While I haven’t reached 15 steps of products yet, I find my routine expanding with every visit to one of the above mentioned stores. One thing I almost always buy are Korean face masks. They are usually cotton sheets soaked in essence that you take out of a separate packet and apply over your face for about 20 mins. They have holes for eyes and mouth, so you can easily read or watch tv while letting the magic work. But I’m getting ahead of myself. The most important step is cleansing. Washing any makeup or dirt/sweat off of your face is crucial before starting on the skin care program. Once a week I also like to use a good scrub – if your skin’s not too dry, I recommend Innisfree’s Jeju Volcanic Pore Scrub. It also works wonders with the clay mask from the same brand. One of my recent purchases was actually a Konjac Sponge (a traditional Asian beauty tool), which really deep-cleanses the skin. Something that is otherwise quite difficult with the highly chlorinated tap water. I’ve posted a picture of these three products here below.

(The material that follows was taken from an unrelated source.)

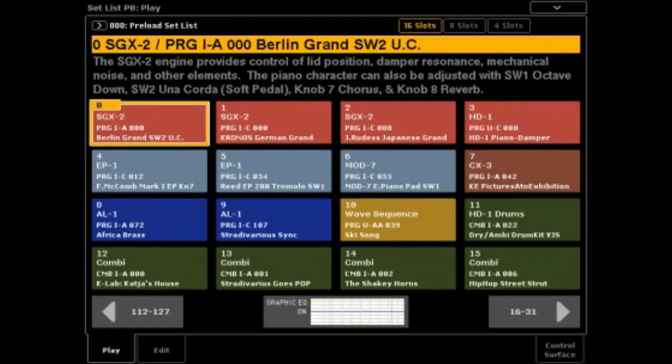And then set lists — I love set lists. Not only do you have set lists, but 128 set lists with 128 slots per set list. Do the math: 128 times 128 — that's a lot. You can adjust the fonts, color code it, make notes to yourself. It's just so usable. You can do anything you want with a set list. It's great.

So what’s next? Now it’s time to apply toner and then maybe follow up with a sheet mask (usually use one every 2-3 days). Otherwise I proceed to my new IOPE ritual. My Instagram followers will know that I had an “incident” in Aritaum two weeks ago. I originally went inside to buy an eye cream, and somehow (still don’t know how, but I’m sure there’s an investigation team on the case) came out with a bag full of IOPE products. Aside from an awesome IOPE anti-wrinkle eye cream the very cute sales girl, who called me 선생님 (teacher), assured me that I would absolutely love the IOPE skin conditioner. In fact so much that I might as well get two, while I was at it. Just kidding, there was a 2 for 1 promotion. I was tempted and needed a feel-good “self giftie”, so I rolled with it and earned two travel sets with IOPE products for being such an agreeable customer. I’ve now been using this IOPE conditioner for two weeks, and I’m actually amazed at the results. My marketing teacher in college once told us: “When you buy cosmetics – you buy hope. Hope that the products work. Usually they don’t.” Well, this does! My skin feels smoother, fresher, more balanced, and most importantly red marks from the occasional pimple have completely faded. Just love this stuff, but it does come with a hefty price tag of 60,000 won – just around 60 dollars. One bottle is supposed to last one month, but I’ll easily make mine last two.
After this magic toner has soaked in, I top off with a moisturizing lotion from Japanese brand Hada Labo. I’ve wanted to try this brand for ages, and I recently found it on sale in Olive Young. Score! This is also a super neat product, which leaves my skin feeling nourished and moisturized.
I actually also wanted to tell you all about Korean BB-creams and cushions, but that I’ll have to save for another day. Instead, I’ll post a picture of my IOPE/Hada Labo haul.
Disclaimer: I did not write this post to try to lure my favorite eonni Tine over here. She already booked her tickets and will be spending a week in Seoul in mid-October. Yay!